Vyhľadávanie kľúčových slov: Rozdiel medzi revíziami

Aktuálna revízia z 16:00, 15. marec 2017

Predbežná verzia poznámok, nebojte sa upravovať: pripojiť informácie z prezentácie, pridať viac vysvetľujúceho textu a pod.

Obsah

[skryť]

1 Keyword search, inverted index, tries, set intersection

Keyword search, inverted index, tries, set intersection

uvod: slides

Full-text keyword search (Plnotextove vyhladavanie klucovych slov)

definicia problemu: slides
zacat diskusiu o tom, co treba indexovat
Inverted index: for each word list the documents in which it appears.

Ema: 0,2
Emu: 1
ma: 0,1,2
Mama: 1,2
mamu: 0
sa: 2

What data structures do we need:
- Map from words to lists (e.g. sorted array, binary search tree, hash)
- List of documents for each word (array or linked list)

Budeme navrhovat riesenia a analyzovat zlozitost:
- cas predspracovania, cas na jeden dotaz
- Parametre: n pocet roznych slov, N celkovy pocet vyskytov (sucet dlzok zoznamov), m - max. dlzka slova, p - pocet najdenych vyskytov v danom dotaze, sigma - velkost abecedy

Štruktúra	query	preprocessing
Utriedené pole	$O(m\log n+p)$	$O(mN\log N)$
Vyhľ. strom	$O(m\log n+p)$	$O(mN\log n)$
Hašovanie - najh. prípad	$O(mn+p)$	$O(mNn)$
Hašovanie - priem. prípad	$O(m+p)$	$O(mN)$
Lex. strom	$O(m\log \sigma +p)$	$O(mN\log \sigma )$ (neskor)

Tries (lexikograficke stromy)

A different structure for storing a collection of words
Edges from each node labeled with characters of the alphabet (0 to |Sigma| edges)
Each node represents a string obtained by concatenation of characters on the edges
- If this string is in the collection, the node stores pointer to the list of occurrences (or other data)
Small alphabet 0..sigma-1: in each node array of pointers child of length sigma-1, list of occurrences (possibly empty)
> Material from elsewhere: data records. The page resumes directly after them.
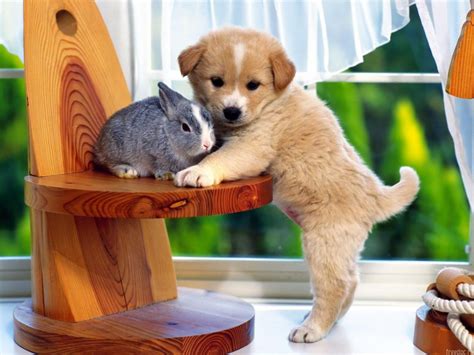 Imagenes tiernas de animales salvajes bonitos - Imagui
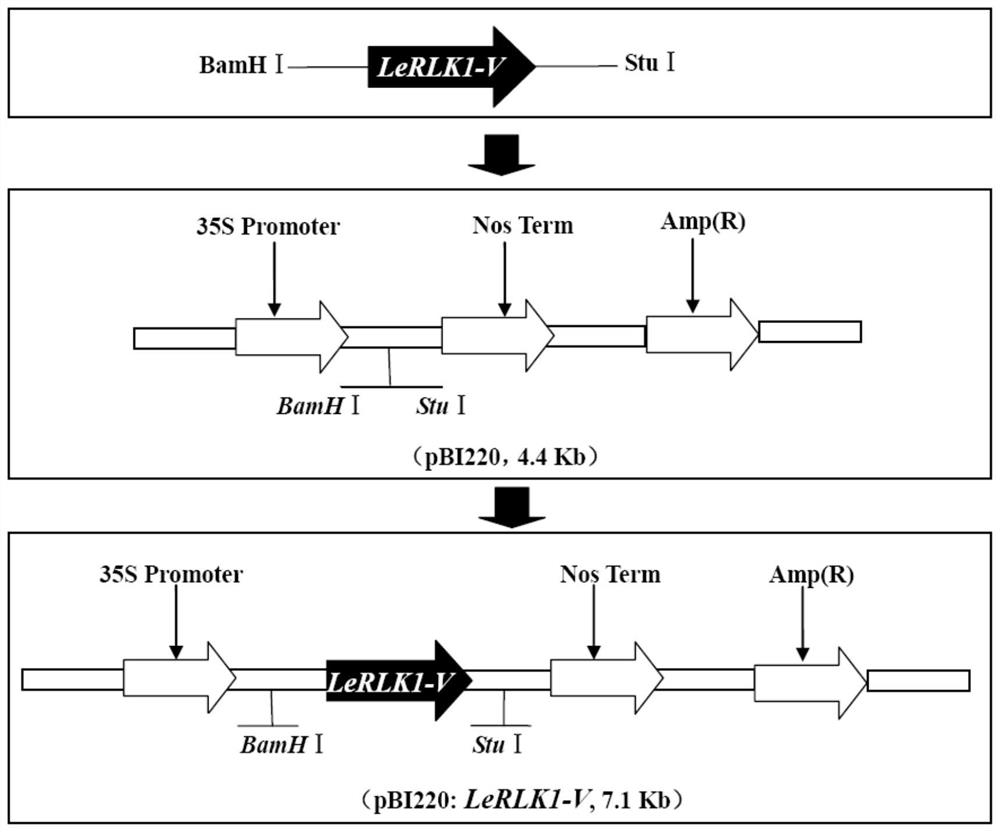 A kinase gene lerlk1-v and its expression vector and application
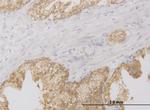 RIPK2 Antibody in Immunohistochemistry (Paraffin) (IHC (P))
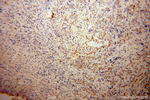 DAZAP1 Antibody in Immunohistochemistry (Paraffin) (IHC (P))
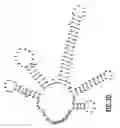 Fig. 08 - GB virus C and methods of treating viral infections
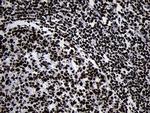 HOXC4 Antibody in Immunohistochemistry (Paraffin) (IHC (P))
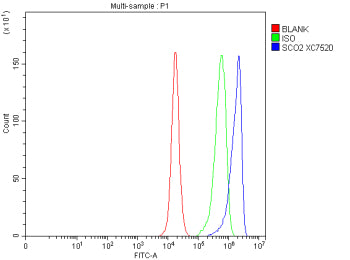 Flow Cytometry analysis of human PC-3 cells using anti-SCO2 antibody. Overlay histogram showing PC-3 cells stained with (Blue line). To facilitate intracellular staining, cells were fixed with 4% paraformaldehyde and permeabilized with permeabilization buffer. The cells were blocked with 10% normal goat serum. And then incubated with rabbit anti-SCO2 antibody (1 ug/million cells) for 30 min at 20oC.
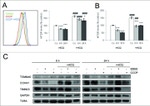 MTCO1 Antibody in Western Blot (WB)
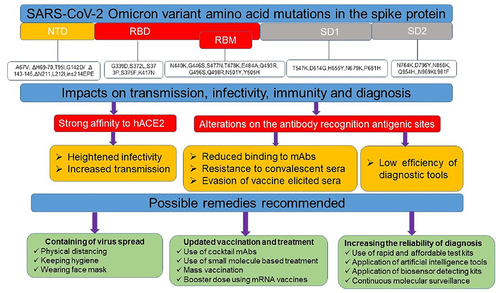 Figure 3 Schematic summary of the impacts of Omicron mutations on diagnosis, treatment and immune evasion. Several mutations especially on the spike protein of SARS-CoV-2 Omicron variant significantly affected the ongoing prevention and control strategies and thus multidisciplinary approaches are highly valuable. Amino acid substitutions were taken from Shah et al.Citation16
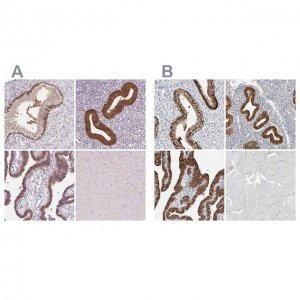 Anti-ASRGL1 antibody produced in rabbit 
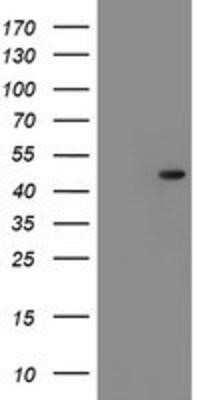 Western Blot: Serpin F1/PEDF Antibody (OTI1F7)Azide and BSA Free [NBP2-74119]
Search for a word w of length m in the trie:

node = root;
for(i=0; i<m; i++) {
   node = node->child[w[i]];
   if(! node) return empty_list;
}
return node->list;

Time: O(m)

Adding an occurrence of word w in document d to the trie:

node = root;
for(i=0; i<m; i++) {
   if(! node->child[w[i]]) {
     node->child[w[i]] = new node;
   }
   node = node->child[w[i]];
}
node->list.add(d)

Time: O(m) (assuming list addition in O(1))
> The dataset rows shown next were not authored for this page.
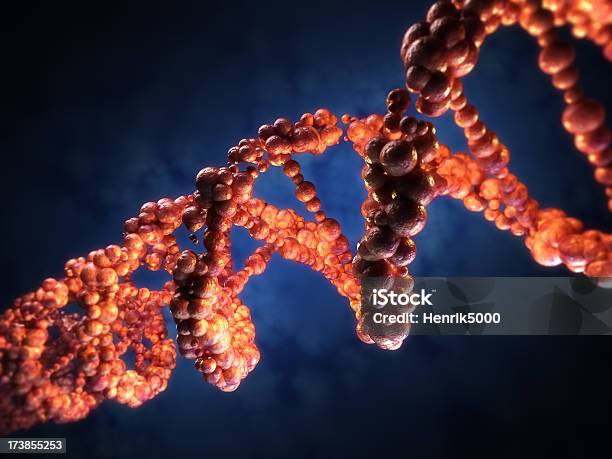 Dna Espiral Foto de stock y más banco de imágenes de ADN - ADN, Explotación, Abstracto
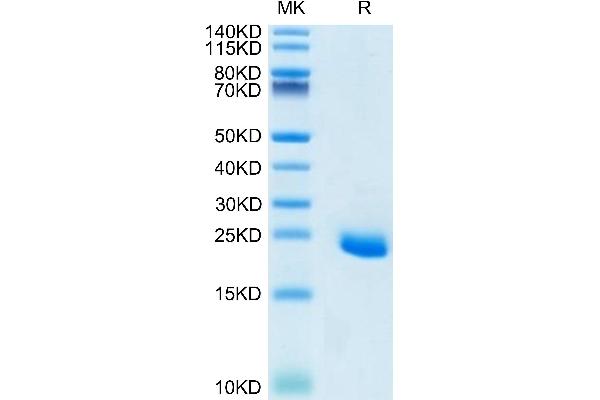 EFNA4 Protein (AA 26-171) (His tag)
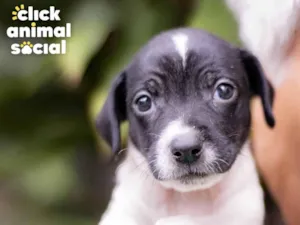 Cachorro raça SRD-ViraLata idade Abaixo de 2 meses nome GAL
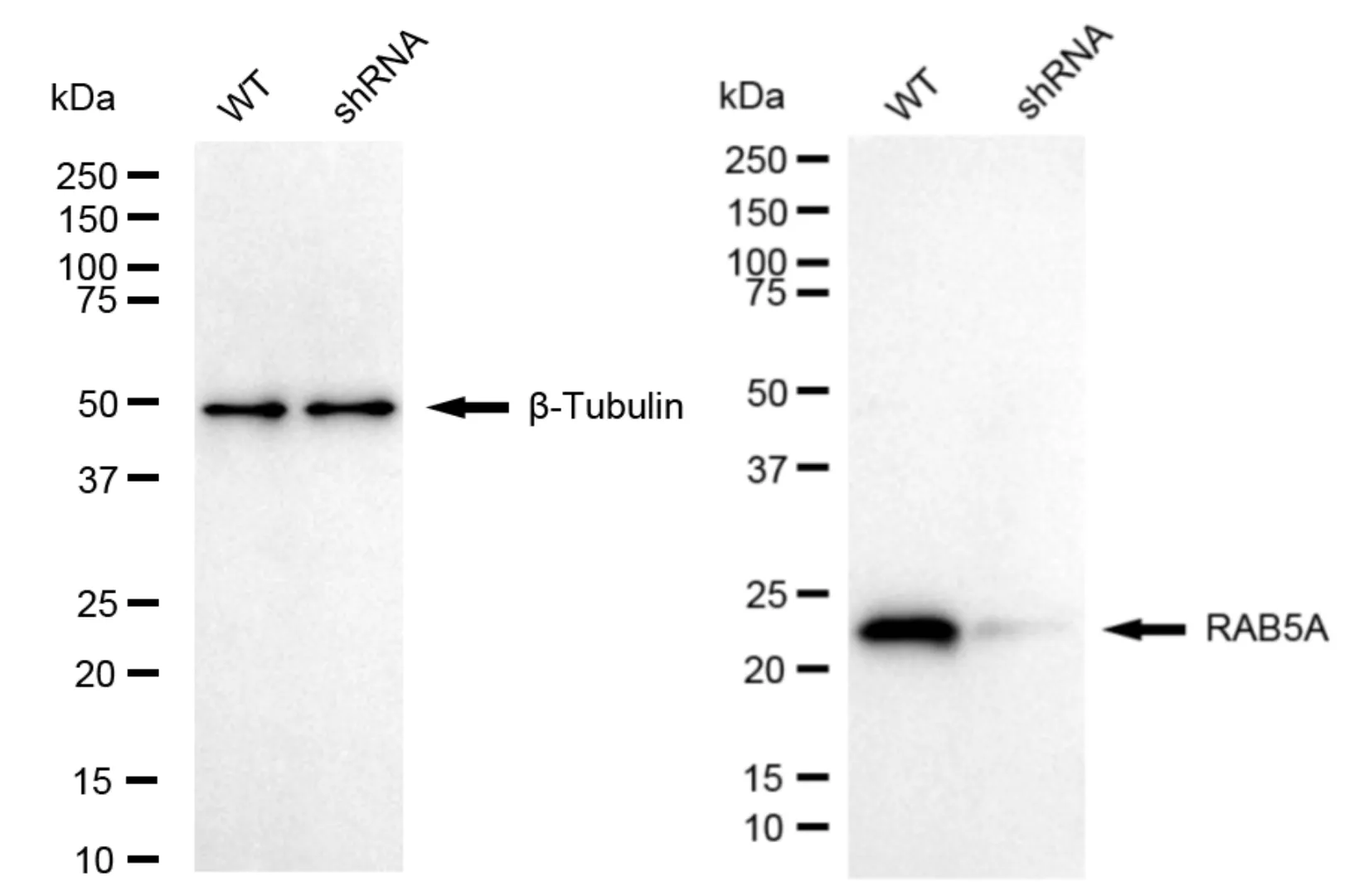 KD-Validated RAB5A Recombinant Rabbit Monoclonal Antibody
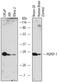 Pyroglutamyl-Peptidase I antibody, PA5-47827, Invitrogen Antibodies, Western Blot image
Deletion of a word: what needs to be done (when do we delete a vertex), possibly a problem with deletion from list of occurrences

Summary and implementations

several words, total length D, alphabet size sigma, query size m, number of words n
full array: memory O(D sigma), search O(m), insert all words O(D sigma)
sorted array of variable size memory O(D), search O(m log sigma), add one word O(m log sigma + sigma), all words O(D log sigma + n sigma)
binary tree with letters as keywords: as before, but add only O(m log sigma)
hashing of alphabet: on average get rid of log sigma but many practical issues (resizing...)

Multiple keywords

Given several keywords, find documents that contain all of them (intersection, AND)
Let us consider 2 keywords, one with m documents, other with n, m<n
Assume that for each keyword we have a sorted array of occurrences (sorted e.g. by document ID, pagerank,...)
Solution 1: Similar to merge in mergesort O(m+n) = O(n):

i=0; j=0;
while(i<m && j<n) {
  if(a[i]==b[j]) { print a[i]; i++; j++; }
  else if(a[i]<b[j]) { i++; } 
  else { j++; }
}

What if m<<n?

do m times binary search

for(i=0; i<m; i++) {
   k = binary_search(b, a[i])
   if(a[i]==b[k]) print k;
}

Rewrite a little bit to get an algorithm that generalizes the two (and possibly works faster)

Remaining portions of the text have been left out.